» **What is expected**: Taking only the lines of the data below from the line with "Photo of Bathroom in Diamondhead" to the line with "85. Curry Chicken w. Onion", ends included, write them out exactly and without pictures.

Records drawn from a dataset

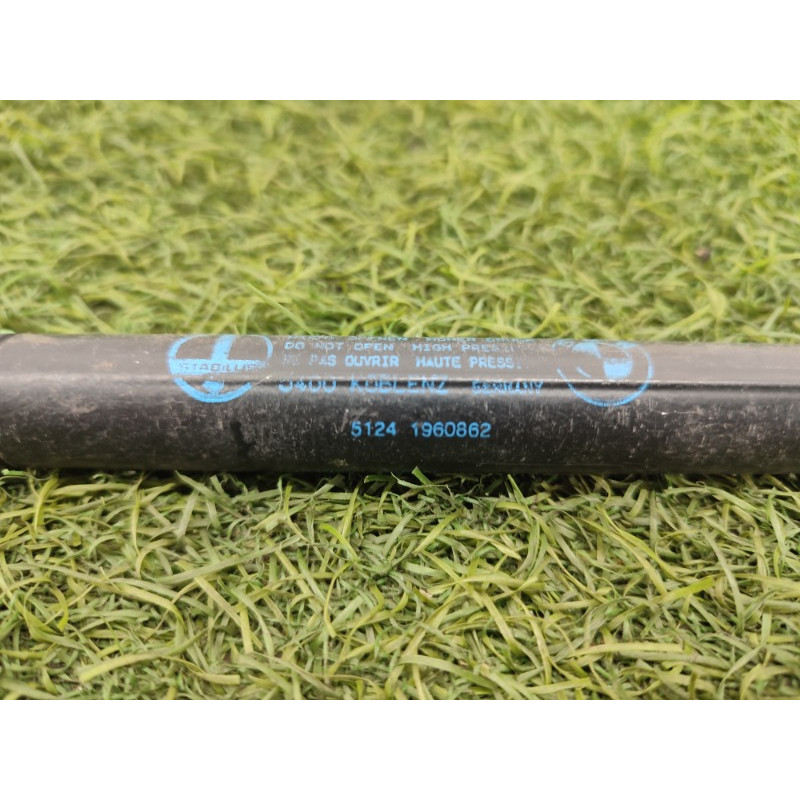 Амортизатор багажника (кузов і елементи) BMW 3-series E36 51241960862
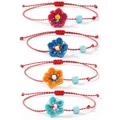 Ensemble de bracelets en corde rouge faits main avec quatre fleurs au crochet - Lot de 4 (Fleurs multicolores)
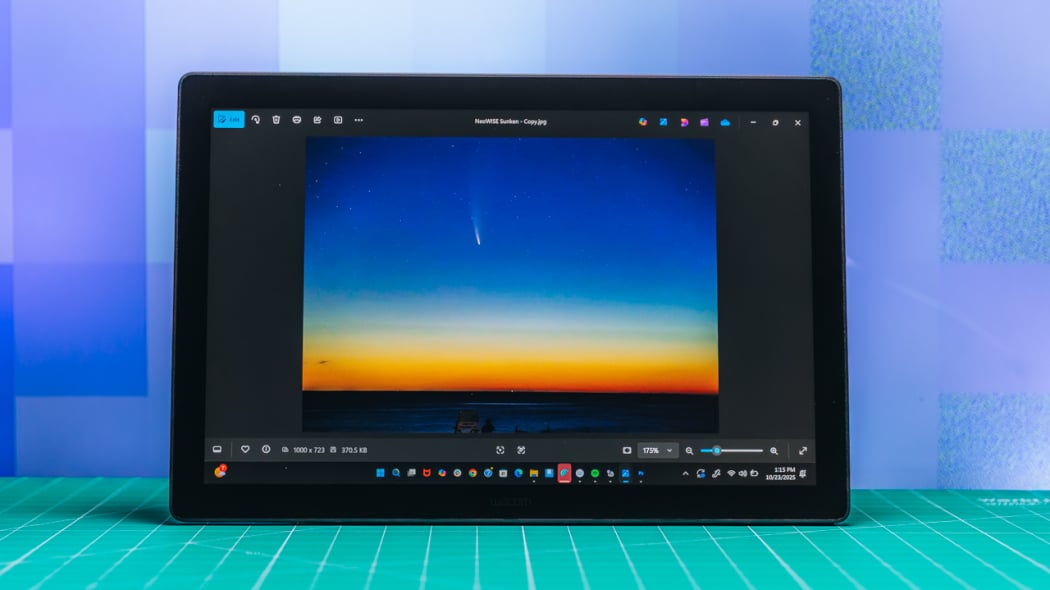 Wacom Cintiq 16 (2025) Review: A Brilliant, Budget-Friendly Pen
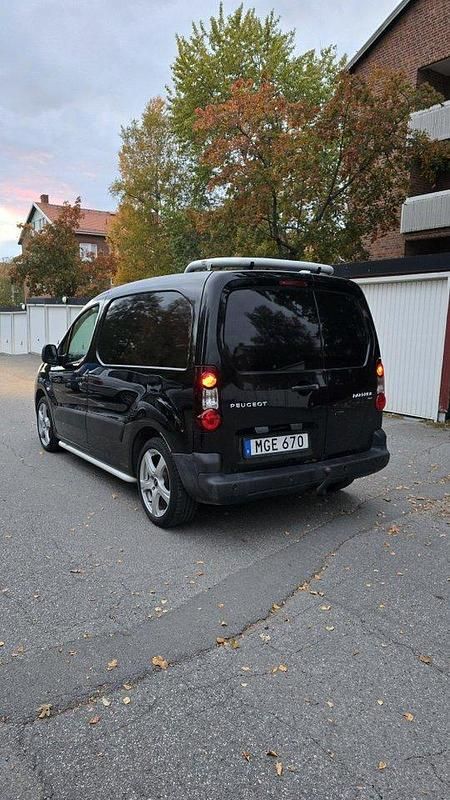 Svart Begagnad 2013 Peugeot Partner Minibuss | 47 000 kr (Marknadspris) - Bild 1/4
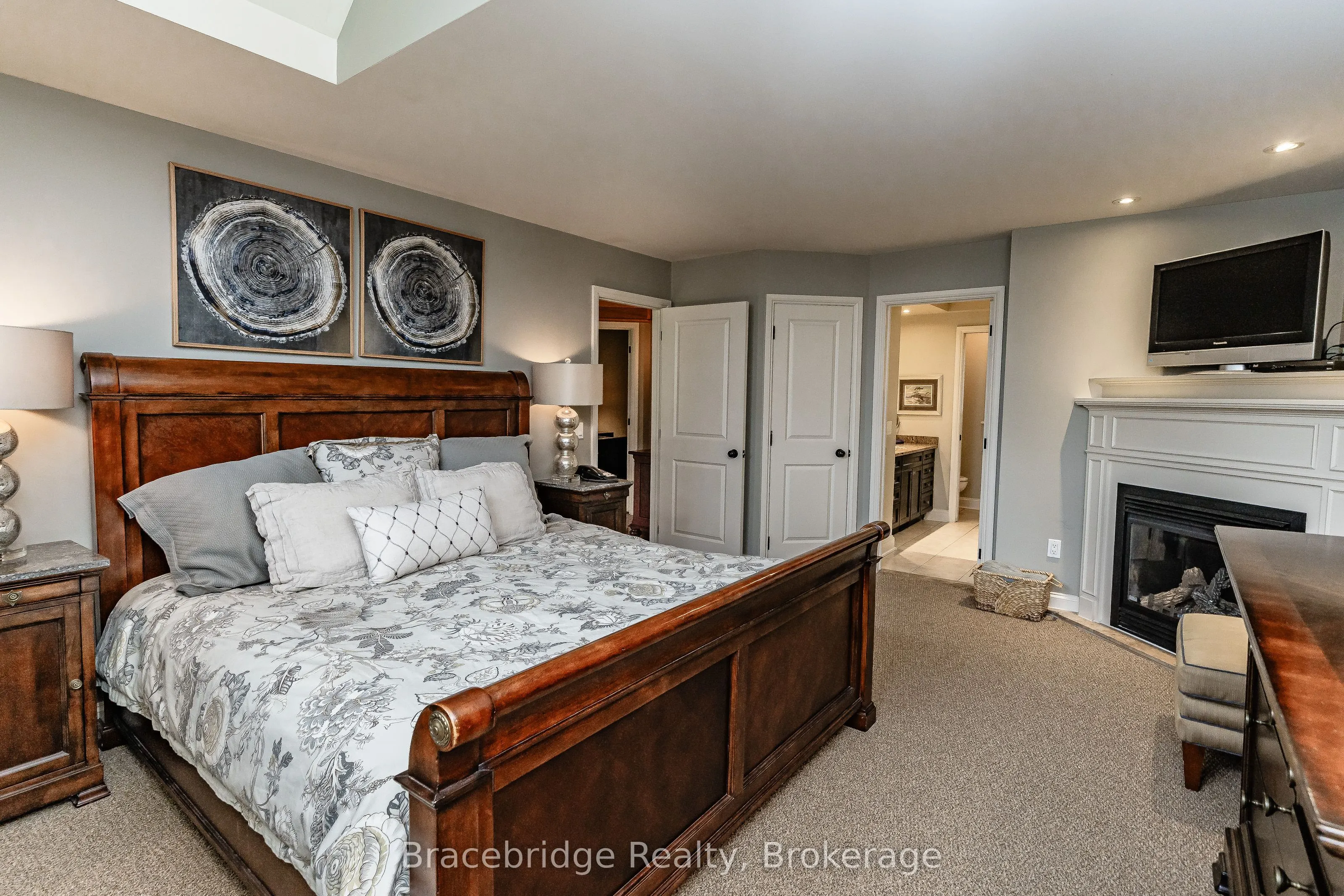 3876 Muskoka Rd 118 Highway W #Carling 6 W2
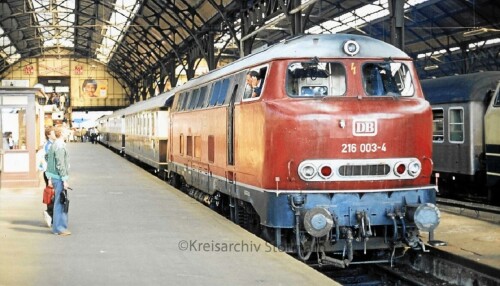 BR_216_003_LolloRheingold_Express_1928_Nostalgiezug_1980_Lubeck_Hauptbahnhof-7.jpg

...

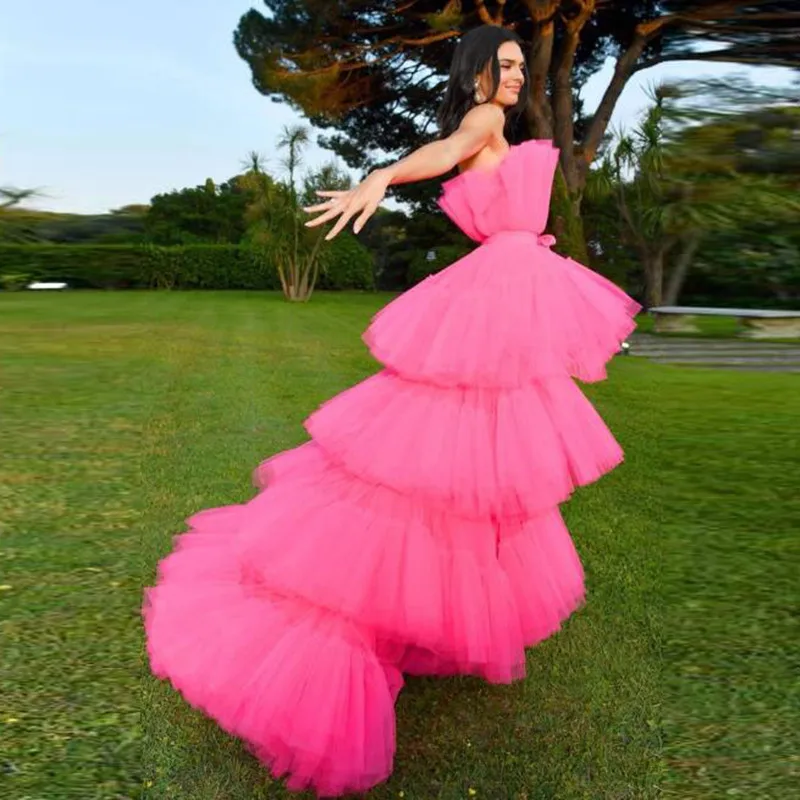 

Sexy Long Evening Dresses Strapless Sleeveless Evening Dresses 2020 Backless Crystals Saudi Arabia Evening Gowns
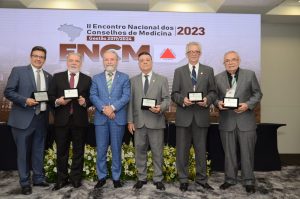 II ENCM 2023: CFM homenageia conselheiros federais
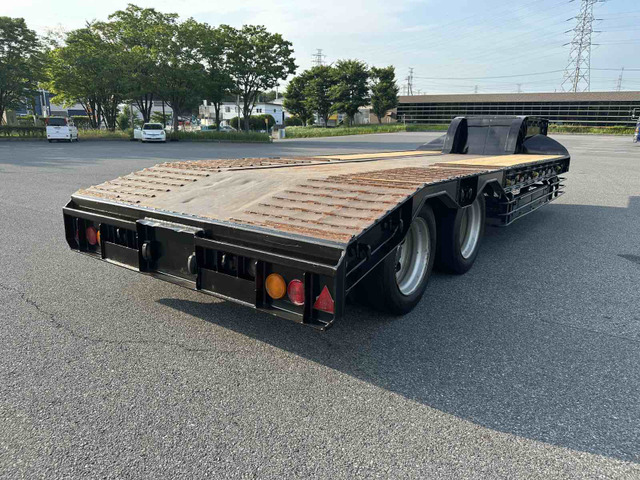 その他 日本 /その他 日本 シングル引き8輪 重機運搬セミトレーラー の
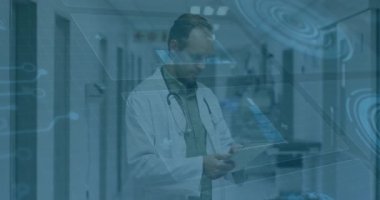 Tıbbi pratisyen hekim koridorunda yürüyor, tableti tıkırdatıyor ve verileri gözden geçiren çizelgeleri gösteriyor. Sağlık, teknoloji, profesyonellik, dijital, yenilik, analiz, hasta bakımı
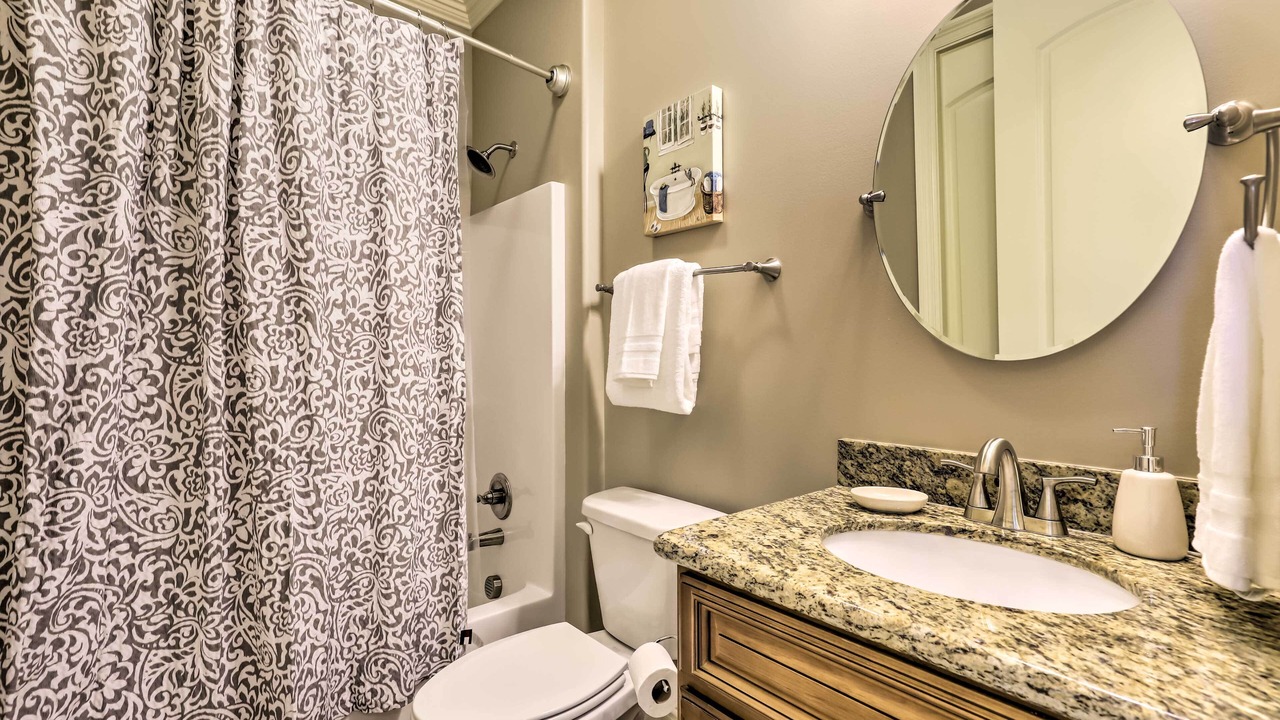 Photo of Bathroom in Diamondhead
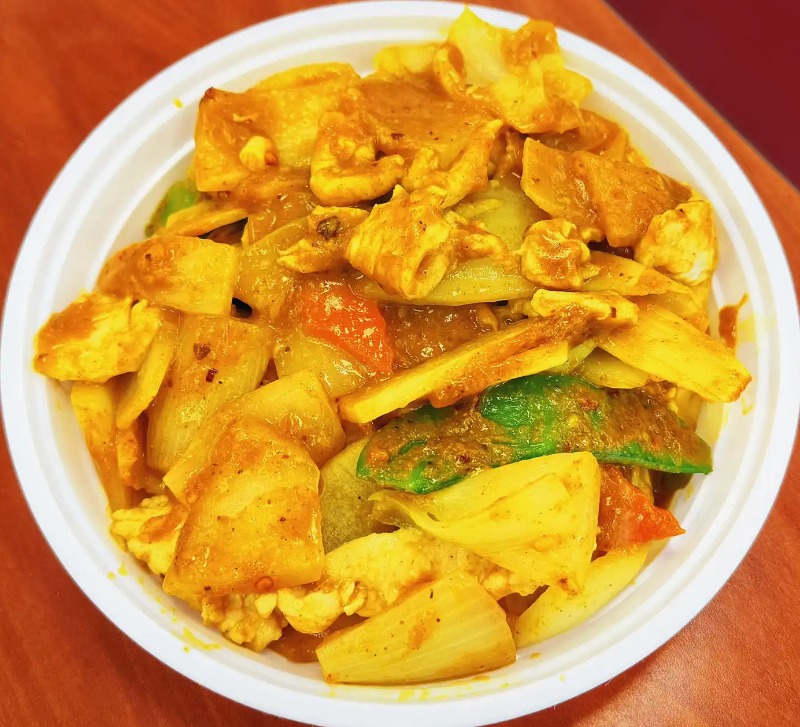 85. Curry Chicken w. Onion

» **Written response**:
 Photo of Bathroom in Diamondhead
 85. Curry Chicken w. Onion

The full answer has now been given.